Chapman also issued a statement through the Cubs.
"I want to thank the New York Yankees for trusting and supporting me, and I wish nothing but the best for the Yankees organization and my former teammates," Chapman said. "I am excited about today's trade and look forward to joining the Chicago Cubs and meeting my new teammates. It is a privilege to wear the Cubs uniform and to play for the fans of Chicago.
"As you know, earlier this year I accepted and served a 30-game suspension from Major League Baseball resulting from my actions of Oct. 30, 2015. I regret that I did not exercise better judgment and for that I am truly sorry. Looking back, I feel I have learned from this matter and have grown as a person. My girlfriend and I have worked hard to strengthen our relationship, to raise our daughter together, and would appreciate the opportunity to move forward without revisiting an event we consider part of our past. Out of respect for my family, I will not comment any further on this matter.
"I cannot wait to take the mound at Wrigley Field and look forward to helping my teammates deliver a championship to Chicago."

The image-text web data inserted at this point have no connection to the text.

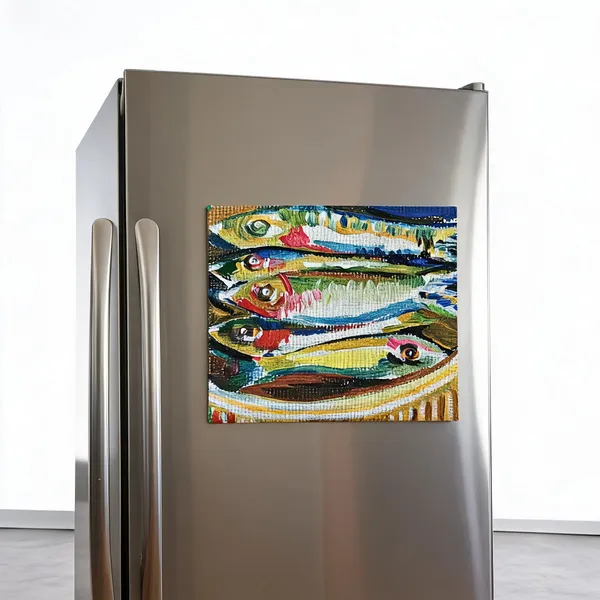 Canvas_Mdf_Multicolour_Fish_Artwork_Refrigerator_Magnet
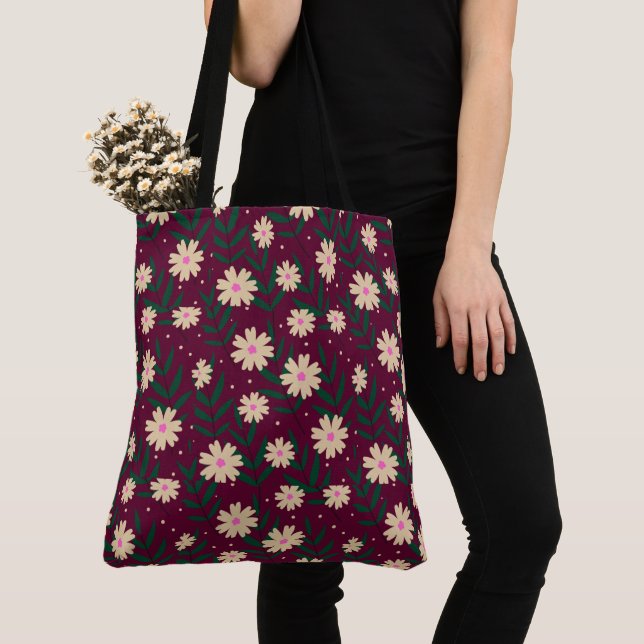 Tote Bag Modèle floral moderne et élégant (De près)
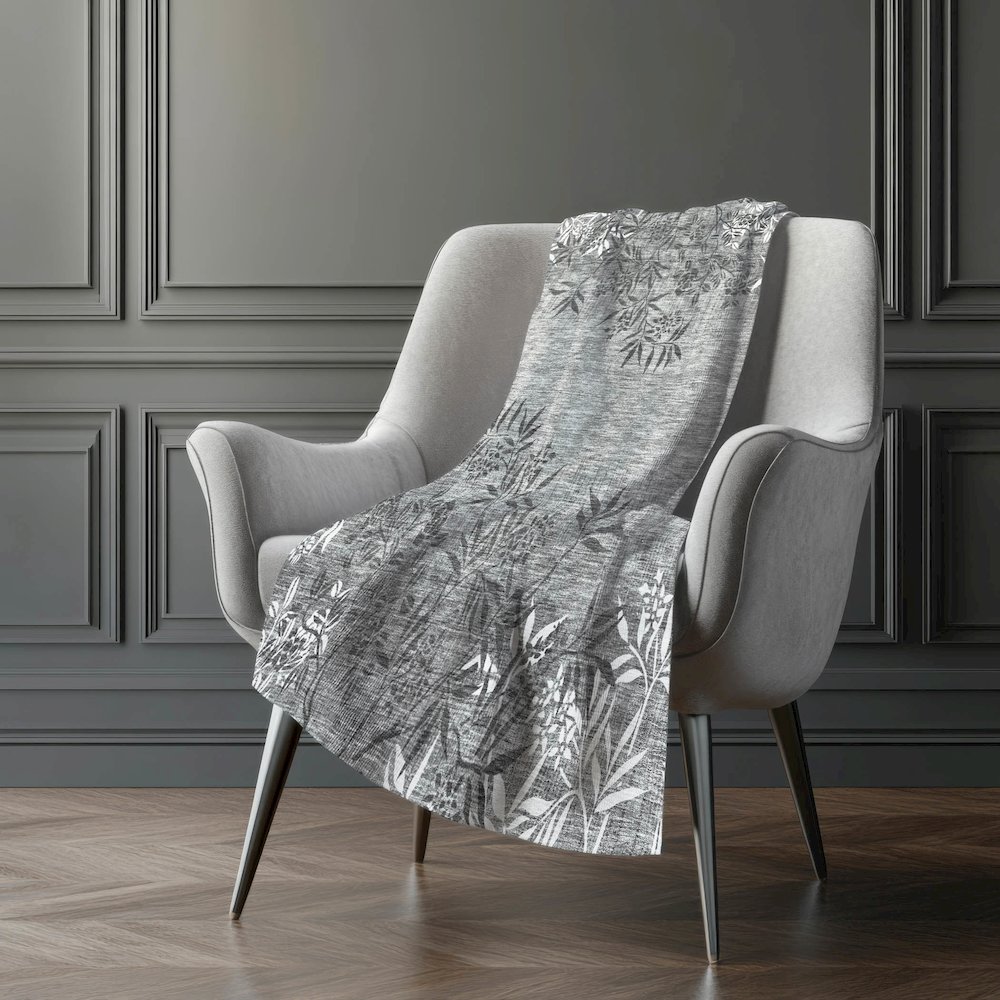 Premium Machine Washable ASB673 Pewter 50" x 70" Sherpa Throw Blanket. Picture 5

On Sunday, the Cubs activated another former closer, 41-year-old Joe Nathan, from the disabled list. Nathan is coming back from a second Tommy John surgery and is projected to pitch in the middle innings.
Torres, 19, was ranked No. 1 among the Cubs' Top 30 Prospects, according to MLB.com, and batted .275 in 94 games with Class A Advanced Myrtle Beach. McKinney, 21, was the Athletics' first-round pick in the 2013 Draft, and he was dealt to the Cubs as part of the July 2014 deal that sent Jeff Samardzija to Oakland. Ranked fifth among the Cubs' top prospects, he was batting .252 at Double-A Tennessee. Crawford, 22, an 11th-round pick in 2012, was batting .255 in 83 games at Myrtle Beach.
Fantasy spin | Fred Zinkie (@FredZinkieMLB)
With a 2.16 ERA, a 1.00 WHIP and a 15.2 K/9 rate in his big league career, Chapman is arguably baseball's most valuable fantasy closer. Now part of a Cubs squad with the best record in the sport, the left-hander should have many opportunities to generate saves and strikeouts down the stretch. The biggest fantasy drop here -- of course -- comes for Rondon, who will shift from Chicago's ninth-inning man to a setup role despite having thrived the past two years (1.77 ERA, 0.91 WHIP). He can be dropped in mixed leagues that don't value holds. Andrew Miller of the Yankees, meanwhile, represents the trade's biggest fantasy winner, as he should return to the closer role he held during his 36-save campaign of 2015. A dominant southpaw in his own right (1.45 ERA, 15.4 K/9 in '16), Miller should rank among baseball's top stoppers as long as he remains with the Yankees through the Aug. 1 non-waiver Trade Deadline.